A new report indicates that solar power will eventually become a larger energy producer than fossil fuels, and surprisingly enough, it was published by a major player in the oil industry.
The debate between renewables and fossil fuels has gone on for quite some time. Many of the arguments that have been leveled against the clean electricity sources such as solar, have been addressed with the on-set of the recent growth of the power source throughout the country. Part of this is because module prices have fallen along with the total price of installation as a result of advances in technology and government incentives.
Conversely, despite increases in production, the risks of fossil fuels are becoming more apparent. As the effects of global climate change continue to wreak havoc across the country, more people are beginning to see the environmental value of going green when it comes to energy as well.
Solar to overtake oil?
A recent report indicates that solar power is set to become the largest power provider in the world by 2100, according to Motherboard, an affiliate of Vice.

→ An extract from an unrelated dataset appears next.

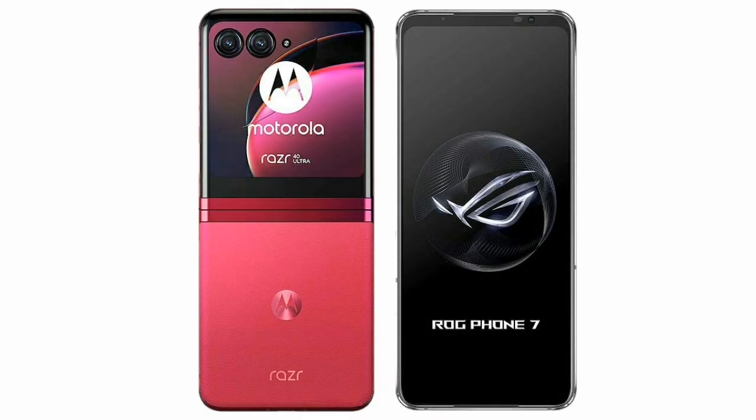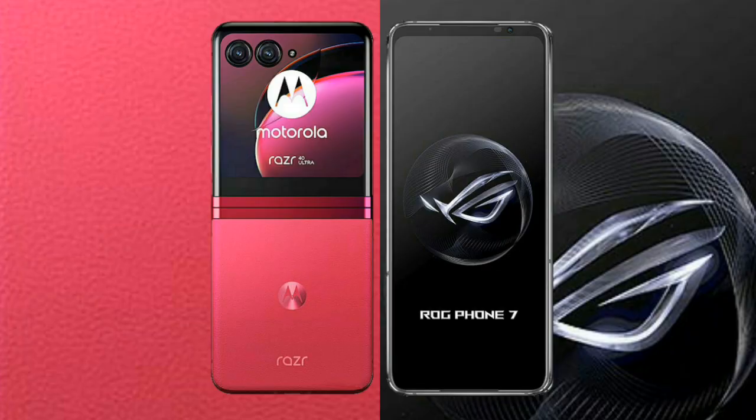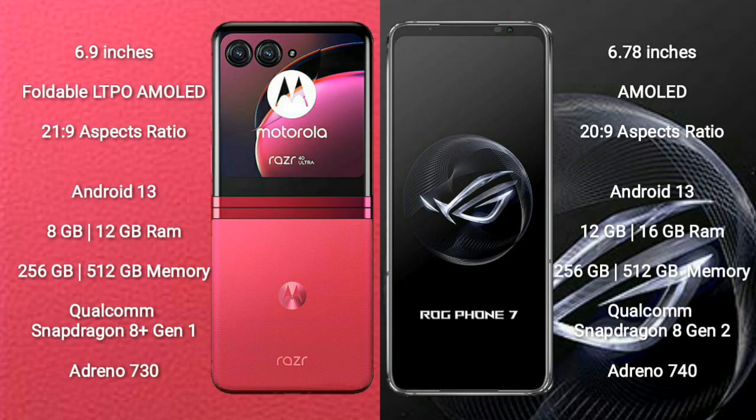I will compare the new Motorola RAZR 40 Ultra with ASUS ROG Phone 7. Motorola RAZR 40 Ultra comes with a 6.9-inch foldable LTPO AMOLED display at 21:9 aspect ratio. ASUS ROG Phone 7 comes with a 6.78-inch AMOLED display at 22:9 aspect ratio.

However, what is even more interesting about the report is that it was published by one of the world's oil giants, Shell.
The news source explains that the oil company believes solar energy will make up 37.7 percent of the worlds power at the end of the century, while oil will be the next highest power supplier at around 10 percent. This is due in a large part to the increasing price of the fossil fuel, which will make the market unpredictable for investors.
By 2040, the report predicts that the power source will be the fourth largest power supplier. One of the biggest drivers of this growth is expected to be from distributed solar like rooftop installations. While these findings are certainly interesting it is important to take them with a grain of salt considering the possible invested interests the company has in its results.
This news comes as a number of other reports have indicated to solar growth in the more immediate future. For example, a recent IHS report indicates that solar installations are expected to grow by 18 percent in 2014, and in doing so, hit 41 gigawatts of installed capacity on the year. This builds on the anticipated growth of nearly 10 GW during the last quarter of 2013.
In the U.S. alone, solar installed capacity grew by about 832 megawatts during 2013's second fiscal quarter, marking a 15 percent improvement from the first quarter of the year.